Here are a few specific behaviors I believe students at this school need to be taught:
Walking into the room after a bathroom break
Saying please and thank you
Making eye contact when speaking
What to do instead of arguing or fighting
How to speak in an appropriate tone of voice
How to say “good morning” when entering the room
It is very helpful if teachers remember to model for kids exactly what they want to see. This means teachers should say please and thank you when talking to their students. Teachers should make eye contact and say good morning to every student that enters their room, Etc
Use P.E.P. (privacy, eye contact, proximity)
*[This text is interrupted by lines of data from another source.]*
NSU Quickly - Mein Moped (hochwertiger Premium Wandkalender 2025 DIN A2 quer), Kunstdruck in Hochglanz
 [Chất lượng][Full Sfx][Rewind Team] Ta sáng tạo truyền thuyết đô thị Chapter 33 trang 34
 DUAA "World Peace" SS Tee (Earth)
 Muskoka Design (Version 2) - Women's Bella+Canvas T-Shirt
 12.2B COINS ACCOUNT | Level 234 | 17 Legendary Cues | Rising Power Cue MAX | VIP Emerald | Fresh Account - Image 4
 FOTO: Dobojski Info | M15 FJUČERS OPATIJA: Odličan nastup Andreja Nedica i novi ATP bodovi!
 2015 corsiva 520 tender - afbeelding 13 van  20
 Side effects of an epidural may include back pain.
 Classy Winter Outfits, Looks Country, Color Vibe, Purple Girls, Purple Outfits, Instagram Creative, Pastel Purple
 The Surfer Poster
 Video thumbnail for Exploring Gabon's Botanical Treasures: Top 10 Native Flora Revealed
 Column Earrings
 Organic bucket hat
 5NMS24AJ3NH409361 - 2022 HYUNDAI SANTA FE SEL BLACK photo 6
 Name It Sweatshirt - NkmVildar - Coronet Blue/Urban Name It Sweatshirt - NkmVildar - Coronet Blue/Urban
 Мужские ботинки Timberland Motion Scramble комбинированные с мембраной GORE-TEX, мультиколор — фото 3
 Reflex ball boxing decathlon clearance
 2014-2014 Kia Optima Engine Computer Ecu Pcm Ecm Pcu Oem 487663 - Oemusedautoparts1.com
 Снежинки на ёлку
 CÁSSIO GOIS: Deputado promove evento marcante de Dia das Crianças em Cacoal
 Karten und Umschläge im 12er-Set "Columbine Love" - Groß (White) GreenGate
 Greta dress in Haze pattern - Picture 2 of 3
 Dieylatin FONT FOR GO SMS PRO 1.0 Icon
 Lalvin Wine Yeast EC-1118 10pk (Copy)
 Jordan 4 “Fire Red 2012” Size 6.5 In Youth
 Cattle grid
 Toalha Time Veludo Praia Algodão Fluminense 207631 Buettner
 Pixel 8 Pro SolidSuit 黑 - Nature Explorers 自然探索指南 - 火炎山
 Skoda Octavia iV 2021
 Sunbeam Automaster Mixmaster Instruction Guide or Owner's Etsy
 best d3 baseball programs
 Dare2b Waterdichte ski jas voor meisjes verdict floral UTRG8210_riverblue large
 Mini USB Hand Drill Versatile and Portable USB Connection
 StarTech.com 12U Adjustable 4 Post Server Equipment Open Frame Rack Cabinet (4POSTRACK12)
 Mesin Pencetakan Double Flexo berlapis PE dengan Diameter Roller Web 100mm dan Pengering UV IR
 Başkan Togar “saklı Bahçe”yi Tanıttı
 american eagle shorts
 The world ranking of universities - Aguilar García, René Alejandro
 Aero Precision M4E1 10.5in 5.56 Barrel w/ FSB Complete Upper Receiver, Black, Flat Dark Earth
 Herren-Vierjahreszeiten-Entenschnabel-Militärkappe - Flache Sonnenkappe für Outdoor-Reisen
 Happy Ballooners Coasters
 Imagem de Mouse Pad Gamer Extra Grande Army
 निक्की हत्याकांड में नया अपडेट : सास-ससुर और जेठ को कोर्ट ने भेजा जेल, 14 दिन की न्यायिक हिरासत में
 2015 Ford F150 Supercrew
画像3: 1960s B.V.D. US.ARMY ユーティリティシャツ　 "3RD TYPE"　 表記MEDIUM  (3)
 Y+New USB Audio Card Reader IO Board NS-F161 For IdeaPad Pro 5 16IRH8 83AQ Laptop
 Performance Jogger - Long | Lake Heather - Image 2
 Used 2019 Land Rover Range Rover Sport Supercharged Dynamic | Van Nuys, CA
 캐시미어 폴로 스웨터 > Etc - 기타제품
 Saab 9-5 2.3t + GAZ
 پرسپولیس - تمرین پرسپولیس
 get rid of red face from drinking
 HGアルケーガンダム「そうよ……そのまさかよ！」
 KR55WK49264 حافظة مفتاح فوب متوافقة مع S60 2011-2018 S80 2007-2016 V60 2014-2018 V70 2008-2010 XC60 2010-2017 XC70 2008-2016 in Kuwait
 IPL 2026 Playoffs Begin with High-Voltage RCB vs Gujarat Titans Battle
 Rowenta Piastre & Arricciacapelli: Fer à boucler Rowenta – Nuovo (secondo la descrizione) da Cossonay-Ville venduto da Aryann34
I noticed many teachers correcting student behaviors in front of their friends. This rarely works. It is almost always better not to correct a behavior at all than to correct students in front of their friends. This is hard for many and takes a lot more work. It is much easier to yell at a student from across the room or hallway. Unfortunately the student almost always yells back and a power struggle occurs. Try hard to get close to that student, use some eye contact, and as privately as possible explain what the student is doing wrong.
Teachers and Referrals:
There are too many being written for minor behaviors. Referrals should only really be written if a student is so outrageously disruptive that learning can not occur for everyone else. The other ground for removal is physical aggression toward another student or the teacher. Everything else should be handled in the classroom. Administrators should encourage teachers to stop writing kids up for minor things. Every time a teacher writes a student up or kicks that student out of class the teacher loses more of her own power. Difficult kids learn exactly what to do to get removed.
Become a second to last word person:
I saw at least four different power struggles that could have been avoided by the teacher allowing the student to have the last word. When the teacher goes back the argument continues. It is ok to walk away. Students need to look good in front of their friends. Let them! The second to last word is almost always best. Also, the teacher’s last word should be “thanks.” For example, “I think I saw you drop that piece of paper and I’d appreciate if you picked it up. Thanks.” And then the teacher moves. Walk away. Get out of there! Sticking around rarely makes things better. This can be practiced by staff. One acts like the student and the other is the teacher. Role-play the teacher walking away when the student says something inappropriate.
Take some actual class time for relationship building and discussion. Allow students to talk about their home lives, etc. I like to use the first 8-10 minutes to talk with my class about what is going on in their lives. Who has a girlfriend? Who is mad at whom? Etc Teachers should learn and understand student interests and try relating content to them as often as possible. There are many specific examples of how to do this in our books.